MHB What is the Branch Cut for log(z)?

[Amer]

What is the Branch cut for the log(z) ?

Correct me if I am wrong.
I know that the function $f(z) = e^z$ , is periodic function with period $2 \pi $
so to define the function $\log(z) $ we have to restrict the domain of $e^z$
for example taking the points $D : z \in \mathbb{C} $ such that $-\pi < arg (z) < \pi $
$e^z $ is one to one in D
Now define the function $g(z)= \log (z) $ which has the range D
The branch cut of $\log (z) $ describe the range not the domain of log ?

Thanks

 

[chisigma]

What is the Branch cut for the log(z) ?

Correct me if I am wrong.
I know that the function $f(z) = e^z$ , is periodic function with period $2 \pi $
so to define the function $\log(z) $ we have to restrict the domain of $e^z$
for example taking the points $D : z \in \mathbb{C} $ such that $-\pi < arg (z) < \pi $
$e^z $ is one to one in D
Now define the function $g(z)= \log (z) $ which has the range D
The branch cut of $\log (z) $ describe the range not the domain of log ?

Thanks

The branch point of a multivalued function is a point in the complex plane from which several branchs of the function depart. The function f(z) = ln z has only one branch point in z=0...

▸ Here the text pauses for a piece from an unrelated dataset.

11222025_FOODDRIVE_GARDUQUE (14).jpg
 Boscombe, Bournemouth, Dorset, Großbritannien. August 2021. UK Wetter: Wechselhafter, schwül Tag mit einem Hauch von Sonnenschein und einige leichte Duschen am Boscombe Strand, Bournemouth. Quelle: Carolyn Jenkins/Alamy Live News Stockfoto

Kind regards$\chi$ $\sigma$

 

[alyafey22]

$w=e^z$ then if $-\pi <Im(z) < \pi $ the function $w$ is one to one. Now assume the following

$$z=e^w$$ and we want to find $w$ satisfiying the property then $|z|=e^u$ implies that $u = \ln |z|$ and $v=arg(e^z)=arg(z) \in (-\pi ,\pi ) $. Hence we have

$$w=\log(z) = \ln|z|+iarg(z) \,\,\,;\, arg(z) \in (-\pi , \pi ) $$

Hence defining the principle logarithm with branch cut on the negative real axis.